And she has done more, if only by accident. Her first cookbook, a slender volume focusing on "party favorites," was a surprise gift. Her son, Rey Gonzalez, a quality control worker at a nuclear plant in Sugarland, Texas, delivered it to her for Christmas.
"My son had been begging me for all my recipes, and I had taken my own sweet time sending them to him," she says. It wasn't that she wanted to deprive her son of mama's enchiladas. The fact is, she didn't know the recipes. There was no paper trail, no little set of index cards neatly arranged in alphabetical order. For Bea, it was all about instinct.
"Many of these are [recipes] I've invented," she says. "It was always a handful of this, a little more of that. Till you get it right. And you just do it. You make it."

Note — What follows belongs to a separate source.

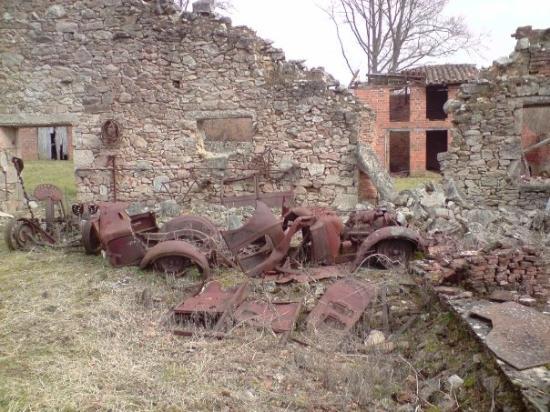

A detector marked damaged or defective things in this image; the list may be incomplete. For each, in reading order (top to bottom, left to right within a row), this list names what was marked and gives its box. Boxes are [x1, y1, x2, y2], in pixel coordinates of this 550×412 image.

"I gave my son a recipe for enchilada gravy," Bea says. "He calls and says to me, 'Mama, do I really have to make this much?' Because the amount that I made was for 50 enchiladas, not for just a family. But that same gravy is for chicken or beef or turkey. It's for any kind of enchilada. So you make it and freeze it. When you want another kind of enchilada, you take it out and use it. Oh, my husband. He used to get angry because I would make so much food, and he'd say, 'Why do you have to make so much food?' I don't know."
Of course, Bea Gonzalez the accidental author was also the accidental chef. Everything she did, to hear her tell it, was all someone else's idea.
Her unofficial culinary career began shortly after moving from her parents' home in Texas to the port city of Tampico, Mexico. "I've cooked since I was 7 years old," she says. "I was an orphan with five brothers and I lived with my aunt. But I had to cook a lot. Five brothers! But this food I was cooking, it was nothing special," she says. "It was mostly the same things every day. Beans and rice. Maybe a steak. There was not much variety."
When Bea moved to Memphis in the 1970s, she joined First Baptist Church. "They had a secretary there then named Mr. Love," Bea says. "And he said, 'Don't you want to work, Bea?' And I said, well, yes, but my husband doesn't want me to work. So he said, 'I'll talk to Lupe.'" After a short talk with Lupe, Bea was working as a waitress, first at the Knickerbocker, then at John Grisanti's. Then that same wonderful man, Mr. Love, asked, "Bea, don't you want to have your own restaurant?"
In 1983, Lupe & Bea's opened its doors. Hung top to bottom with Mexican marionettes and featuring not only Tex-Mex but also Cuban food (unheard-of in Memphis at the time), it quickly became the stuff of Midtown legend.
"Z Z Top loved to eat the vegetarian food," she says of the bearded ones who used to thank Lupe and Bea in the liner notes of their records. "Stevie Ray Vaughan came all the time before he died in the crash," Bea says. "He came to my restaurant every time he hit town."
Esteban Nodal, the Cuban chef responsible for much of the restaurant's distinctive flavor, just showed up on Bea's doorstep one day looking for work. She tried to send him away.
"Just before I was about to open, a friend brought me this Cuban person," Bea says. "The man said he was looking for work and I said, no, I can't afford to pay anybody. I can't afford to pay myself. But he begged me, 'Oh please just give me a chance. Give me two weeks to work for you and don't pay me -- just so I can show you what I can do.'"
So, in exchange for his two weeks of service, Bea offered Esteban an empty apartment in the back of her home. It was an apartment that Bea, nicknamed "Honey Bea" by her friends in the Cuban community, often offered free of charge to Cuban immigrants trying to get established in Memphis. Esteban still lives there today.
Lupe and Bea's Tex-Mex Cookbook may come as a big disappointment for overexcitable fans who remember well and are hoping to learn the secrets of the restaurant's savory paella. None of that is covered, but Bea promises that this unexpected book is only an appetizer. There are more and more detailed cookbooks on the way. "My son," she says, "he has been pressuring me for more and more recipes. The Cuban cookbook will be much fatter."